On the 1+3 Formalism in General Relativity

TL;DR

This paper develops a formalism for splitting four-dimensional Lorentzian manifolds in general relativity using a set of time-like curves, accommodating vorticity, and derives related equations, offering an alternative to the 3+1 foliation approach.

Contribution

It introduces a novel 1+3 splitting formalism that does not require hypersurface foliation, extending the geometric framework for analyzing Einstein's equations with vorticity.

Findings

Derivation of Gauss, Codazzi, and Ricci equations in the 1+3 formalism.

Formulation of constraint and evolution equations for Einstein's field equations.

Comparison showing differences and similarities with the traditional 3+1 formalism.

Abstract

We present in this paper the formalism for the splitting of a four-dimensional Lorentzian manifold by a set of time-like integral curves.

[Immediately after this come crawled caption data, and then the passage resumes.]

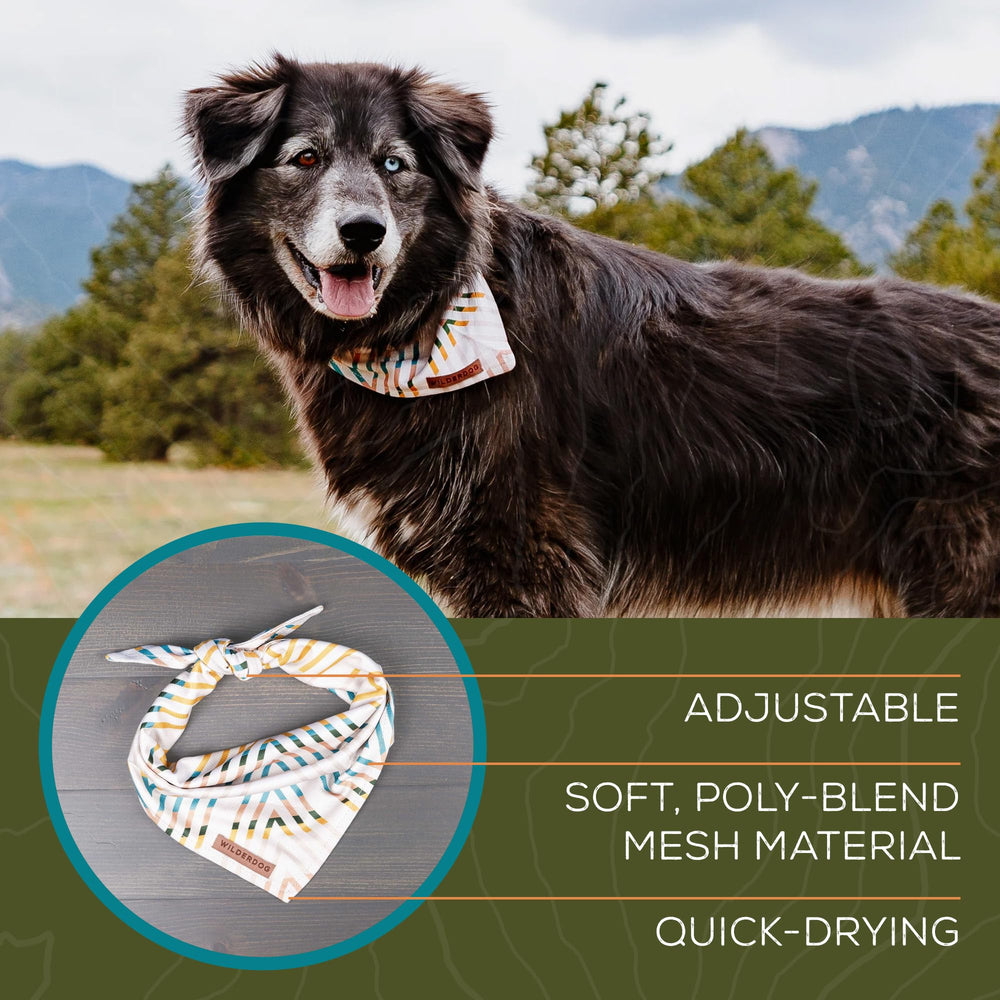 Bandana Wilderdog 18x18 para perro, diseño práctico y cómodo.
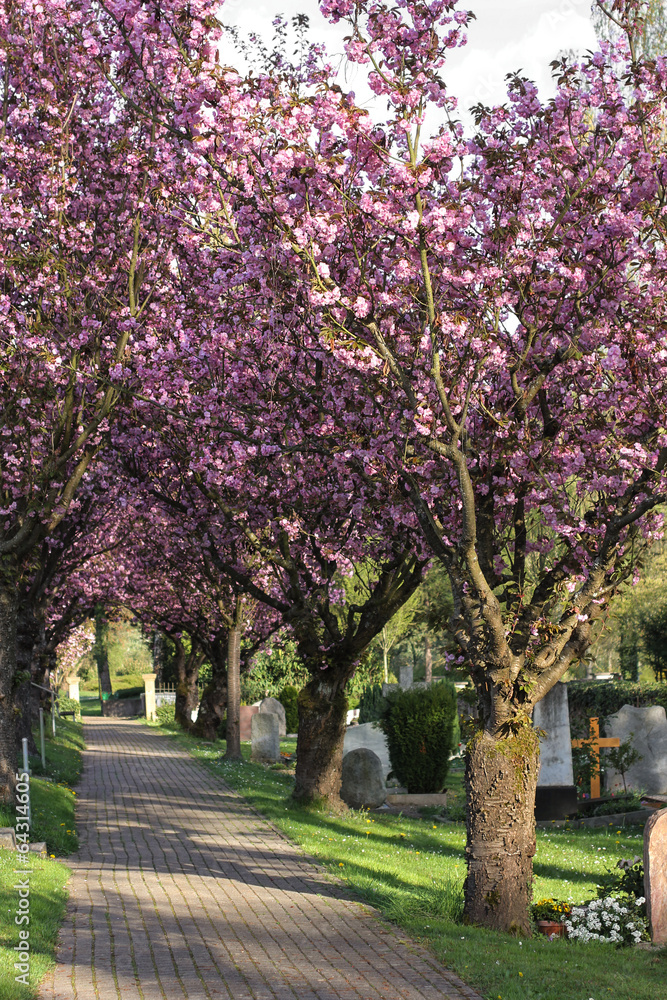 Naklejka premium Allee mit japanischer Zierkirsche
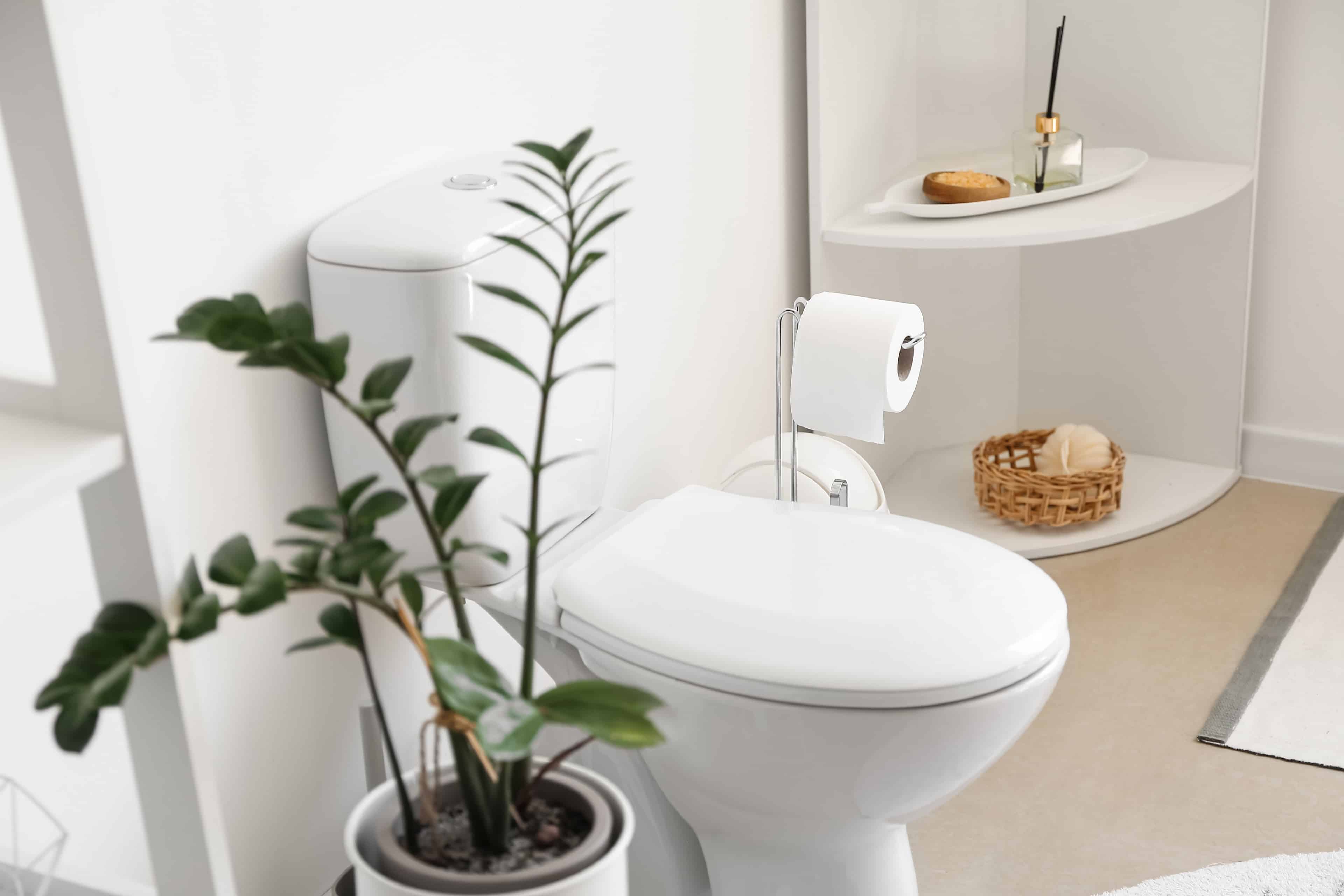 Toilet Installation image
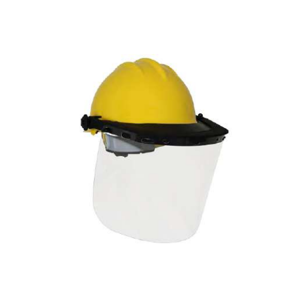 Face Shield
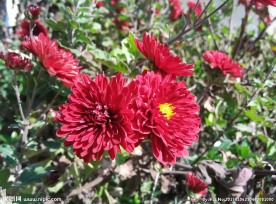 菊花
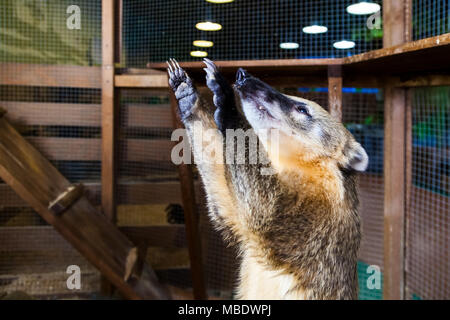 Un adulte qui pose au raton laveur brun zoo contact Banque D'Images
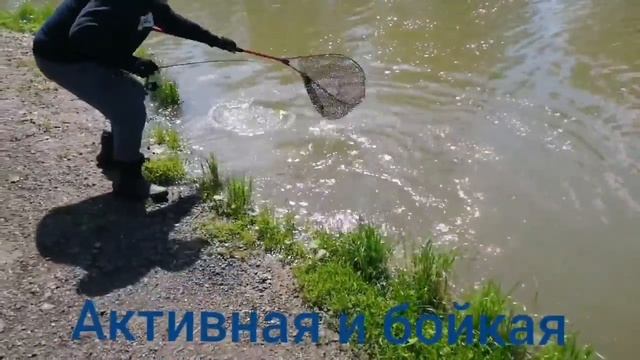 Мисайлово Trout. Форель даёт жару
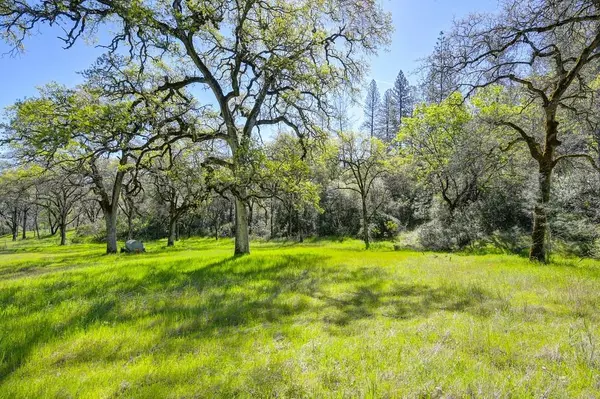 Greenwood, CA 95635,0 40 Acres - Five Oaks WAY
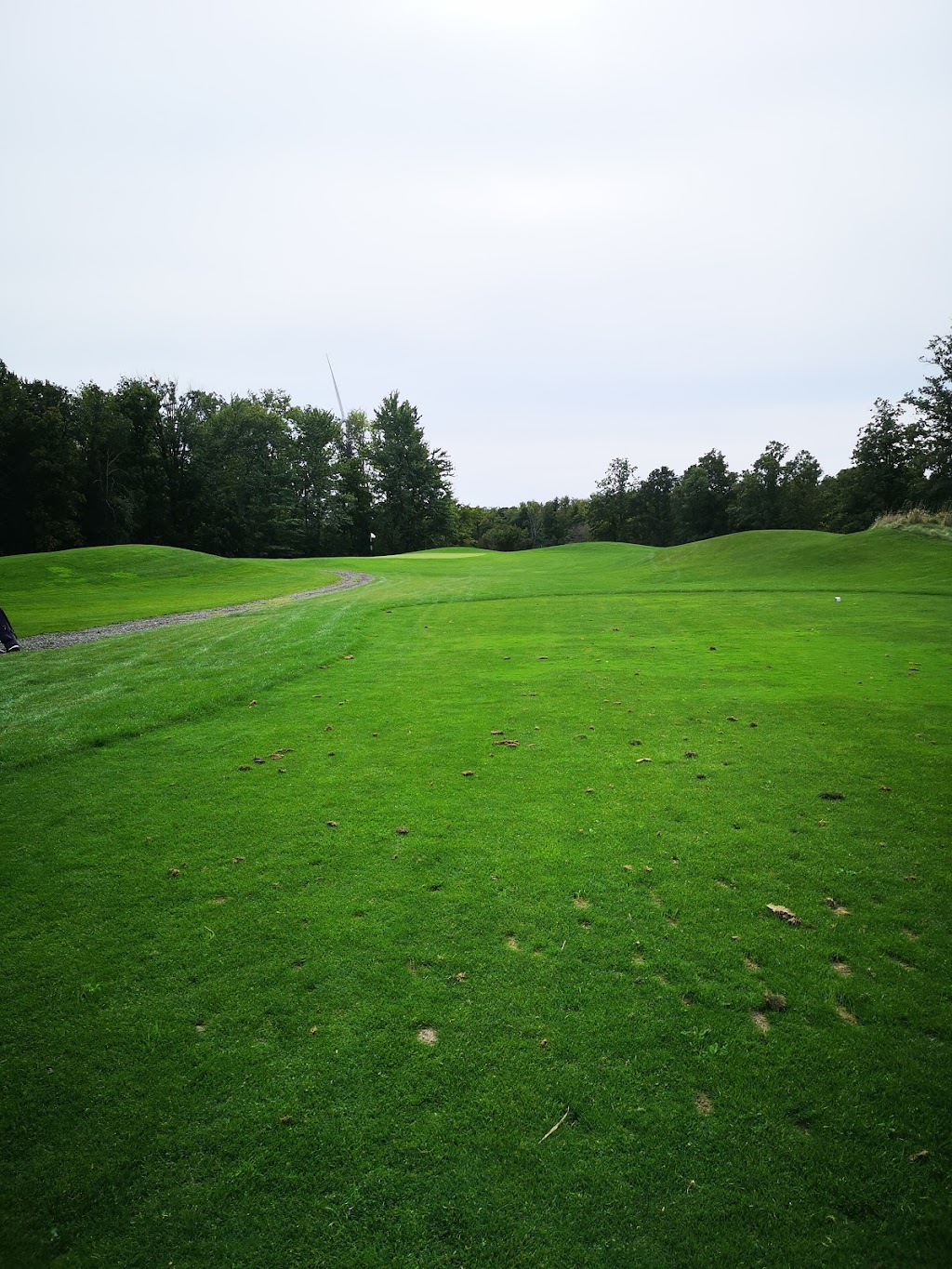 Cayuga Golf Club | 201 Decewsville Rd, Cayuga, ON N0A 1E0, Canada | Phone: (905) 772-7888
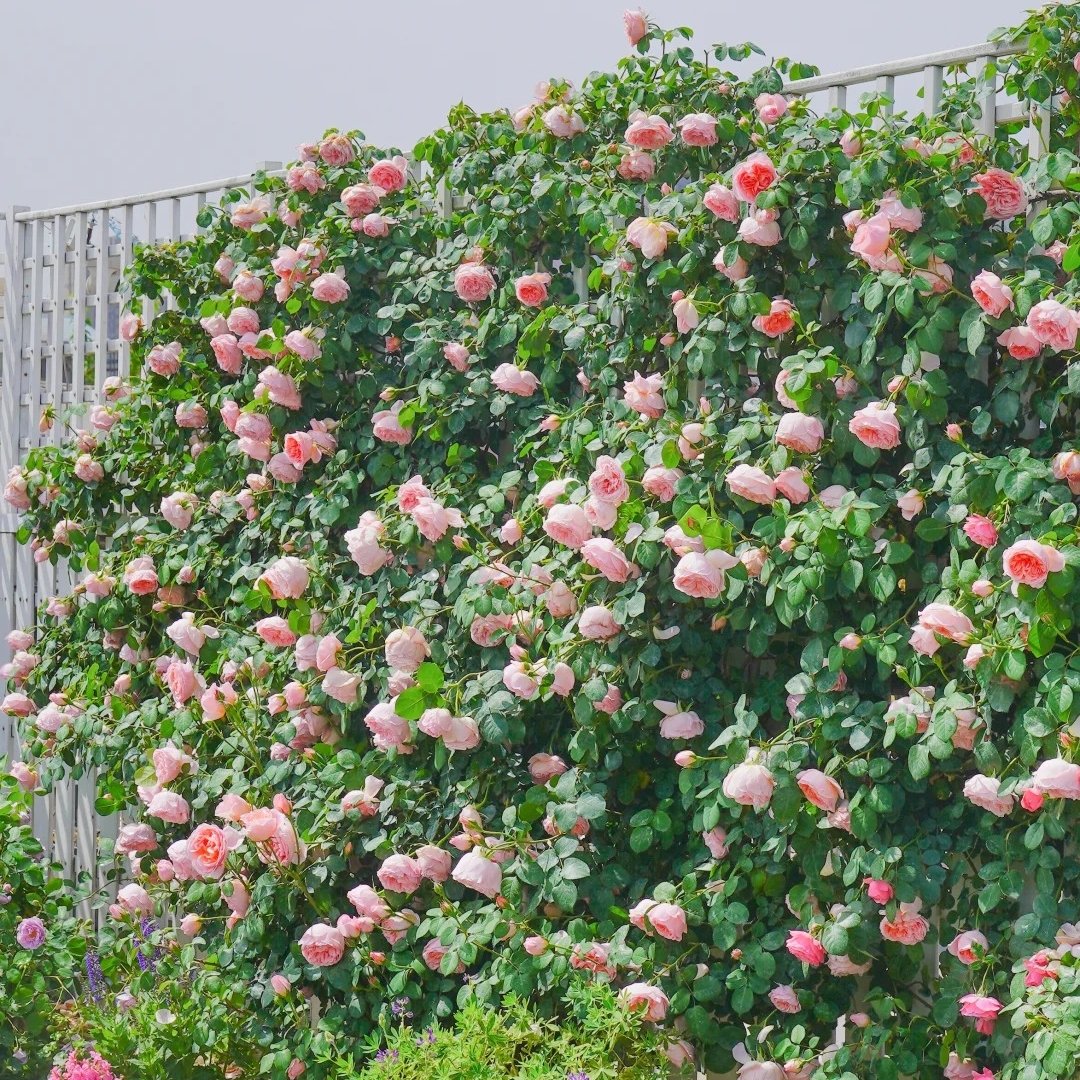 Dames de Chenonceau Rose Plant|舍农索城堡的女人 image 7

Introducing the geometrical tensors characterizing the local spatial frames induced by the congruence (namely, the spatial metric tensor, the extrinsic curvature tensor and the Riemann curvature tensor), we derive the Gauss, Codazzi and Ricci equations, along with the evolution equation for the spatial metric. In the present framework, the spatial frames do not form any hypersurfaces as we allow the congruence to exhibit vorticity. The splitting procedure is then applied to the Einstein field equation and it results in an equivalent set of constraint and evolution equations. We discuss the resulting systems and compare them with the ones obtained from the 3+1 formalism, where the manifold is foliated by means of a family of three-dimensional space-like surfaces.